Growing up in Missouri, I’ve heard a lot of jokes about the temperamental weather in the state. One day is 70 degrees, the next is freezing and snowy.
Pat Guinan, University of Missouri Extension associate professor of climatology, explained the highs and lows of the state’s weather at the recent 49th annual Beef Cattlemen’s Conference in Monett, Missouri.
2017 was the seventh warmest year on record, and the spring season was the second warmest. August, on the other hand, was the seventh coolest August.
“A cool summer month is a really good thing in our state,” Guinan said.
Guinan showed data indicated growing seasons are starting earlier, and minimum temperatures have been high in the summers.
Dew point and humidity have led to an “unprecedented wet period,” he continued.
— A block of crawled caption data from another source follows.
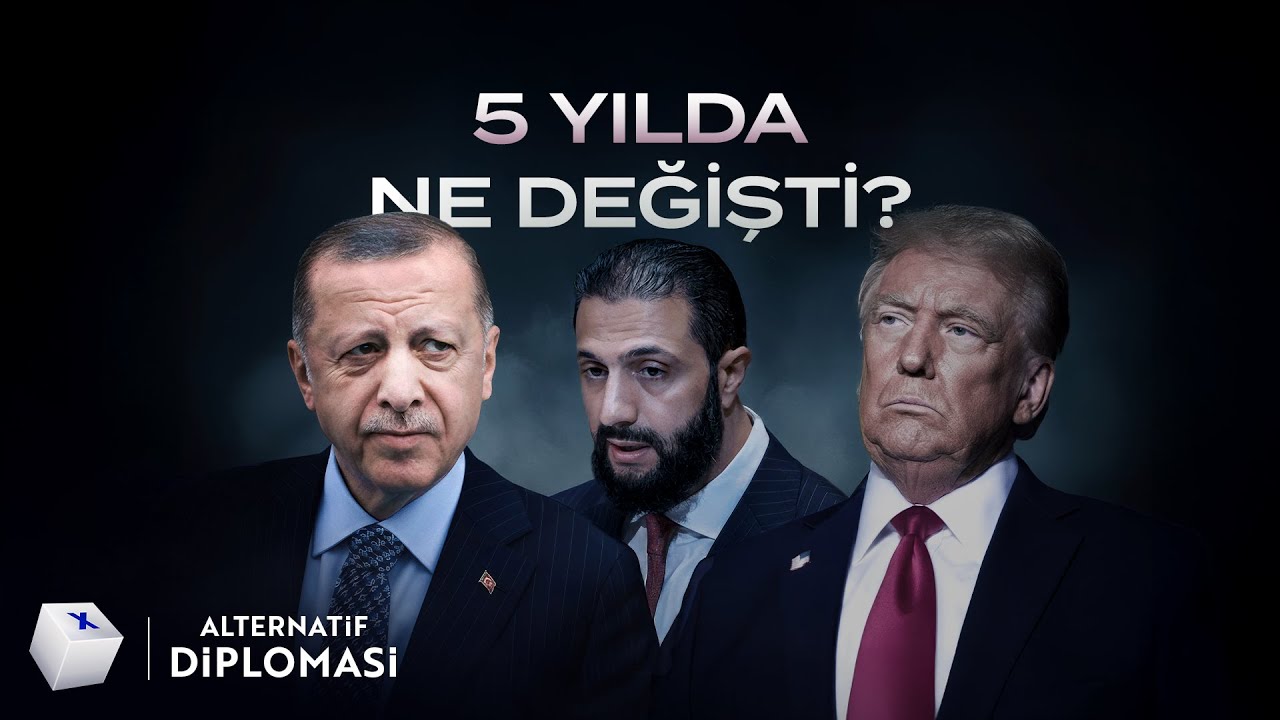 T&uuml;rkiye, dış politikada ger&ccedil;ekten başarılı mı?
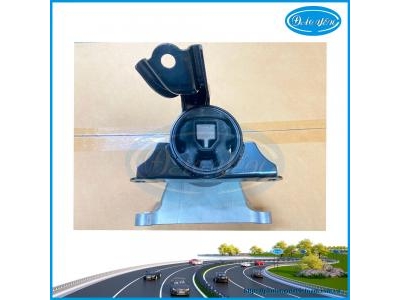 Cao Su Chân Máy LH Xpander 2021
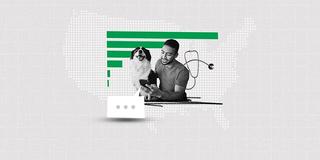 <h3>Many Pet Owners Interested in Nontraditional Care Options</h3>
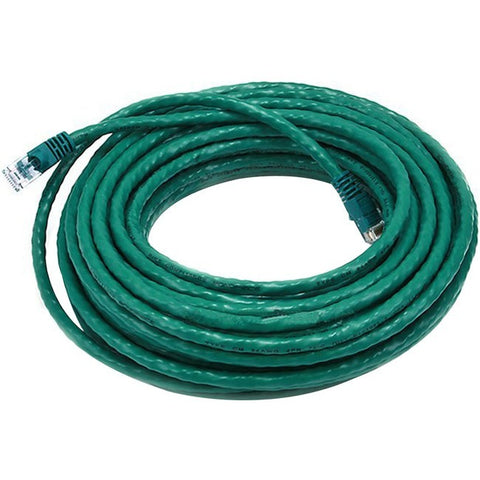 Monoprice, Inc. Cat6 _ 50ft Green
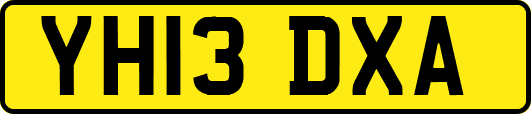 YH13DXA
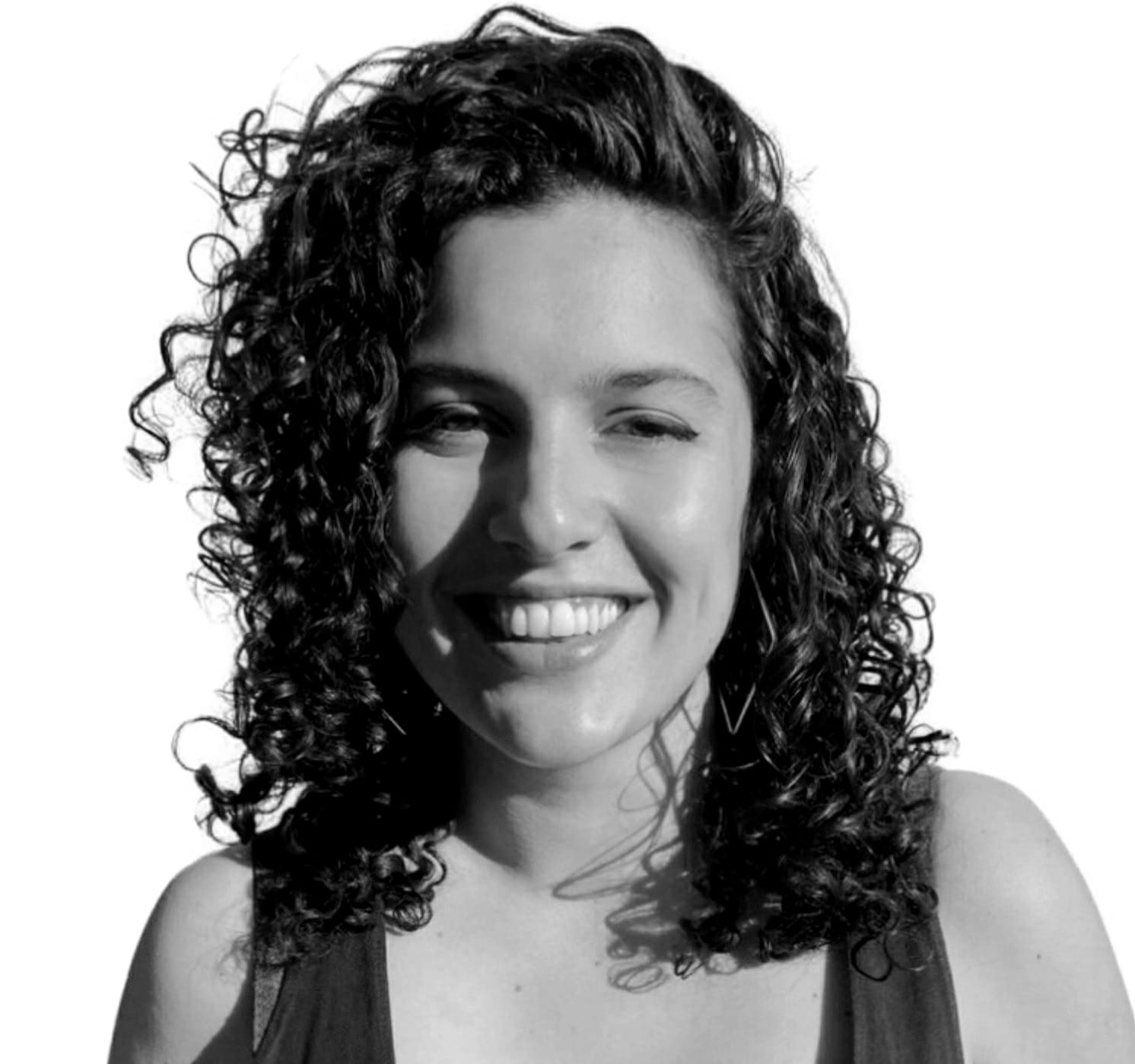 Rocío Prim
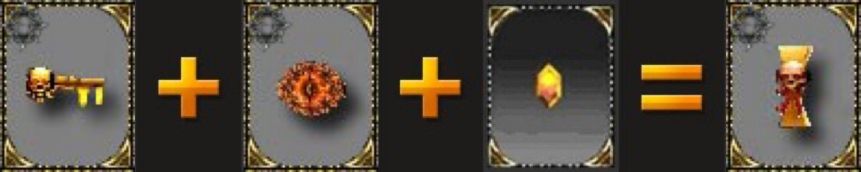 Materiales del evento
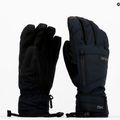 Dakine Herren Leder Titan Gore-Tex Short Snowboard Handschuhe schwarz D10003157 13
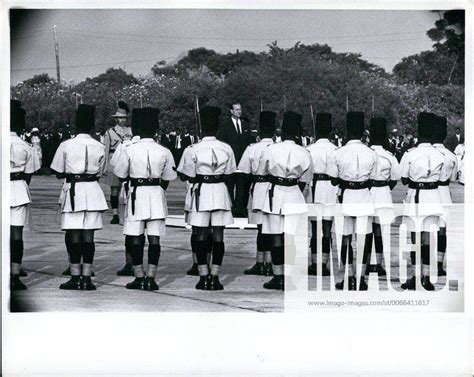 July 6 1964 Malawi Independence The Malawi Rifles Reviewed By Prince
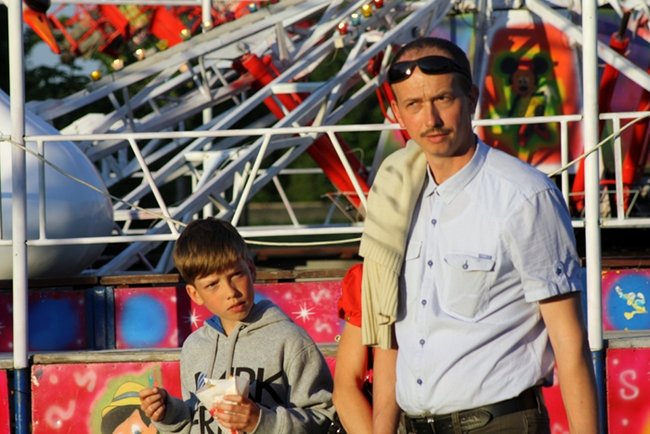  Było naprawdę super! - zdjęcia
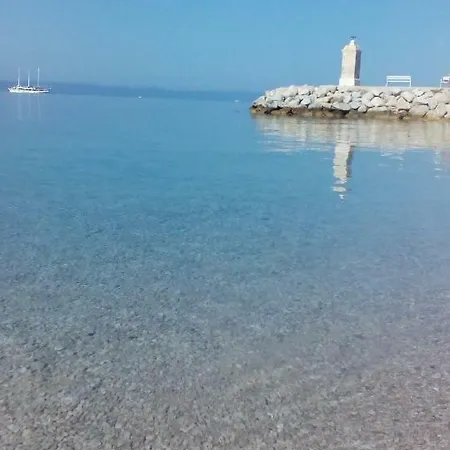 شقة With Magic View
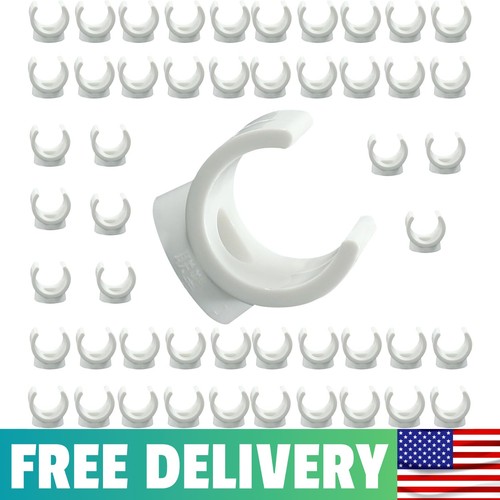50pcs pex clamp inch pipe - 3/4,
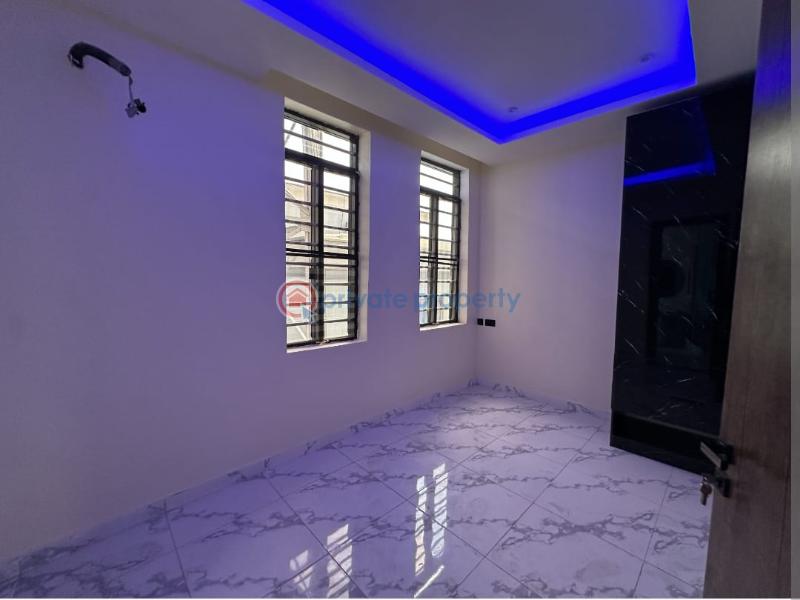 3 bedroom Flat & Apartment For Sale Lekki Phase 1 Lagos - 10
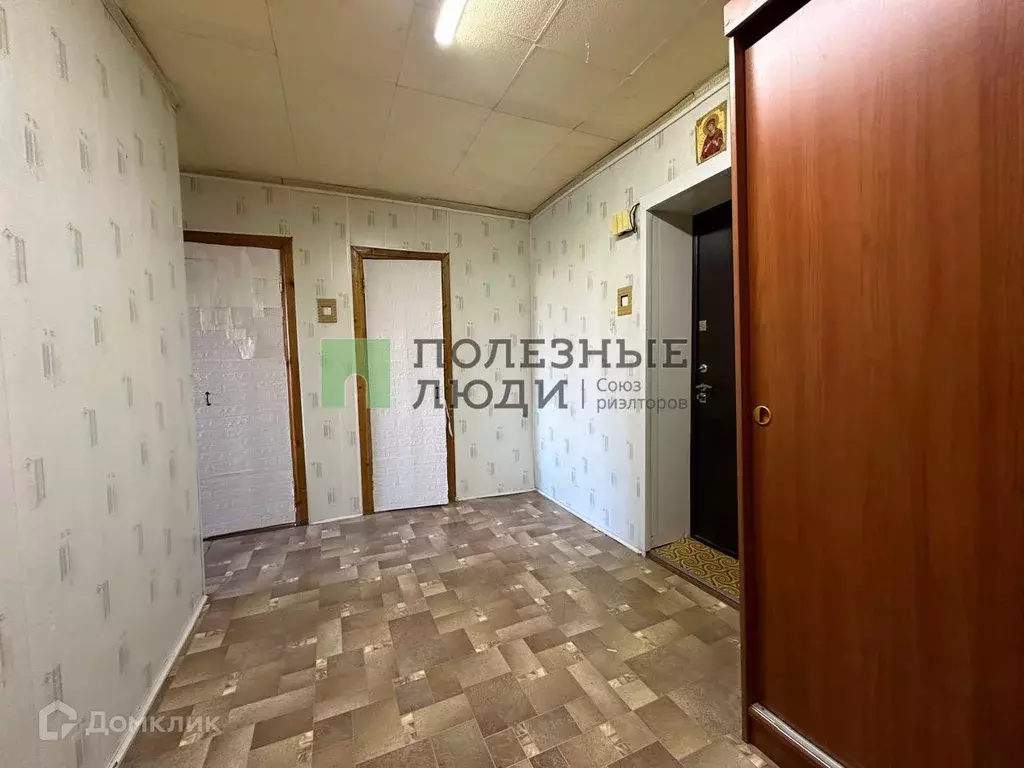 Продаётся 2-к квартира, 49.1 м - Фото 1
Rain over the past 30 to 40 years has kept minimum temperatures up.
Since 1998, the state has seen more warm falls.
“There is a notable lengthening in the fall for the first fall freeze,” Guinan said, explaining the first fall freeze is generally occurring six days later.
Though the word “drought” brings back unpleasant memories of 2012, Guinan said 1952 to 1956 was the “Mother of all droughts” in Missouri.
“2012 was a reality check on how dry things can get in our state,” he said.
April 2017, however, was the wettest April on record.
“You can go from one extreme to another in a very short period of time,” the climatologist said.
2017, in fact, was the fourth wettest spring on record. However, Guinan said a dry spring is “foreboding” and does not look encouraging. If May — a transition month — is hot and dry, he explained things do not look optimistic.
“If you think we’re seeing more extreme precipitation events… we are,” he said. Four of the top five precipitation events in the state have happened since 1993.
He reminded producers that 2012 was a year of full sunshine and low humidities and was the highest water loss year since 1980 and 1988. However, the year was a “short-lived drought.”
December 2017 was “highly unusual” as the state experienced high fire danger, he said.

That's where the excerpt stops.